Mikelanjelo frescoda Hz.İsa'dan başlamak üzere bütün Azizleri çıplak çizmiş meğersem (Hz.Meryem hariç). Skandal!! Vatikan'da, Katolik Dünyasının kalbinde böyle bir "Blasphemy" olamazzz !!!

Bununla da yetinmeyip, Hz. İsa'yı Antik Yunan Heykeli Belvedere'li Apollo'dan ilham alarak resmetmiş- Skandal!

Bununla da yetinmeyip, her Aziz'in dini için nasıl şehit edildiğini çizdiği bu fresco'da derisi yüzülerek şehit edilen Aziz Bartalomeo'nun elinde tuttuğu deriye kendi yüzünü çizmiş-Skandal!! (artık nasıl bir illalah dediğini siz anlayın!)

Bununla da yetinmeyip, Cehennemdeki zebanilerden birini eşek kulaklı Kardinal Cesena olarak çizmiş (hani şu her işe burnunu sokan meraklı Kardinal :P)- Skandal!!

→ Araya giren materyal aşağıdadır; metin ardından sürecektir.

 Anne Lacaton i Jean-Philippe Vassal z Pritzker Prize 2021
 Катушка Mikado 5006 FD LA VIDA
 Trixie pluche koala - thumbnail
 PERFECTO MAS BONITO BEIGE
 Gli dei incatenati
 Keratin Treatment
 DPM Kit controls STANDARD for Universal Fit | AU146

Katolik Kilisesi ilerleyen senelerde bütün çıplaklığı örtecek şekilde Mikelanjelonun Sunak Frescosunun üstünden geçmiş. Bugün restore edilmesine rağmen, hala örtülü şekli muhafaza ediliyor.


Eveeeeeet, geldik bir hikayenin daha sonuna... (saat oldu sabahın 3'ü!)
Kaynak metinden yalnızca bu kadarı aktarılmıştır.